Perennial plants – those that live for two or more years – are a gift that we often take for granted. How any plants can survive a winter like those we experience here in Ohio is miracle in and of itself. But annuals have a few tricks up their sleeves, too. They’re seldom a one and done sort of thing.

Most perennials and annuals will form seeds if their flowers are pollinated. Some hybrids are sterile however, meaning they won’t reproduce in this way. But even those that do are not guaranteed to produce the same color or form of the parent plant. In fact, they rarely do.

During the season, we often deadhead our plants by cutting off the spent blooms. This often stimulates the plant to produce more flowers. The reason a plant does this is because deadheading prevents it from completing its life cycle and it tries again. But at the end of the season, if you let the plants mature uninterrupted, the seeds that are produced can be saved to start new plants the following year.

As I walk through the garden, I look for dried flower heads that may hold those precious seeds. It’s important to allow the flowers to dry completely because it’s then that the seeds will have matured enough to be viable. Most seeds that are gathered too soon will not keep maturing. The plants need to be closely monitored for cutting seed heads at just the right time.

Seeds come in all shapes and sizes, but they must be allowed to dry completely before you store them. If they aren’t, they can develop mold from the excess moisture inside them, rendering them useless.

Once you’ve determined that the flower head have matured and dried sufficiently, you can collect them. Many seeds are easily shaken from their dead flowers, while others must be coaxed into release. Allow them to dry further, off the plant, for several more days, and then store them in a small envelope (preferably made of paper) and keep them in a cool, dry location until spring.

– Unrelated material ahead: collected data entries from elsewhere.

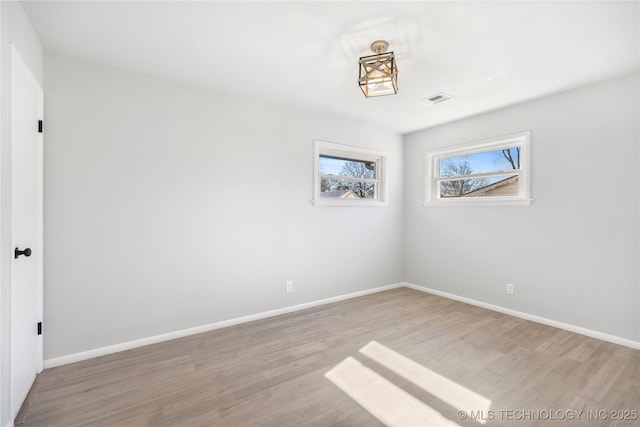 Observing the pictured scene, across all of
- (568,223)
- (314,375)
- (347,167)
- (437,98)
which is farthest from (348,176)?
(314,375)

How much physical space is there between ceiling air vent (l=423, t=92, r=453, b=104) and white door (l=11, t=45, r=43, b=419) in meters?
3.53

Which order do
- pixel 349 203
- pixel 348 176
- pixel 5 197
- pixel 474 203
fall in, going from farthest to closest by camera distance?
pixel 348 176 → pixel 349 203 → pixel 474 203 → pixel 5 197

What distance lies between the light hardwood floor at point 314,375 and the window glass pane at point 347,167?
6.80 feet

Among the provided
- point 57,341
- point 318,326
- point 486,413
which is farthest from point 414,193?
point 57,341

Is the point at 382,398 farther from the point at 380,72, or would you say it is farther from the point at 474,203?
the point at 474,203

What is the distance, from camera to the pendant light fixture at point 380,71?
2131 mm

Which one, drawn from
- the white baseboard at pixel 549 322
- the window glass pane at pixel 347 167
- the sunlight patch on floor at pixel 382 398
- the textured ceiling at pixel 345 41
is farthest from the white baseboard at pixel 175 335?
the textured ceiling at pixel 345 41

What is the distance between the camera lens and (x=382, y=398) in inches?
77.2

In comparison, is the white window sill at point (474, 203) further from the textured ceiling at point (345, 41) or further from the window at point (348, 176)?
the textured ceiling at point (345, 41)

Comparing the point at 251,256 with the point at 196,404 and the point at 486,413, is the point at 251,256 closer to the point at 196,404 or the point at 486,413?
the point at 196,404

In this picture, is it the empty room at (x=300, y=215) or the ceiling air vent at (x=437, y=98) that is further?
the ceiling air vent at (x=437, y=98)

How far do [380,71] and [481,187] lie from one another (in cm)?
269

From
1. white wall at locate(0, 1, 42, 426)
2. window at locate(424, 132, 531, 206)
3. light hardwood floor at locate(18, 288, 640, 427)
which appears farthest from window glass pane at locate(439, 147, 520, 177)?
white wall at locate(0, 1, 42, 426)

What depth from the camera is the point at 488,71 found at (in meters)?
2.69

Some seeds germinate much better if they’re planted in the fall and are allowed to go through the process of cold moist stratification during winter. This freezing and thawing action softens or cracks tough seed coats, allowing for a higher germination rate. Examples of seeds that you can plant in the fall for the following spring are milkweed, morning glory, black-eyed Susans, columbine, coneflower, poppies and hardy geranium.

For best results, plant saved seeds within a year of when you collected them. While many seeds can be stored for several years and remain fairly viable, others must be used in a fresher state. Edamame is one that must be sown fresh or they often will not germinate.

Seed saving is an ancient practice and is an excellent and inexpensive way to continue growing those plants you like or want more of. An excellent resource for information about seed saving is “Starting & Saving Seeds: Grow the Perfect Vegetables, Fruits, Herbs, and Flowers for Your Garden,” by Julie Thompson-Adolf.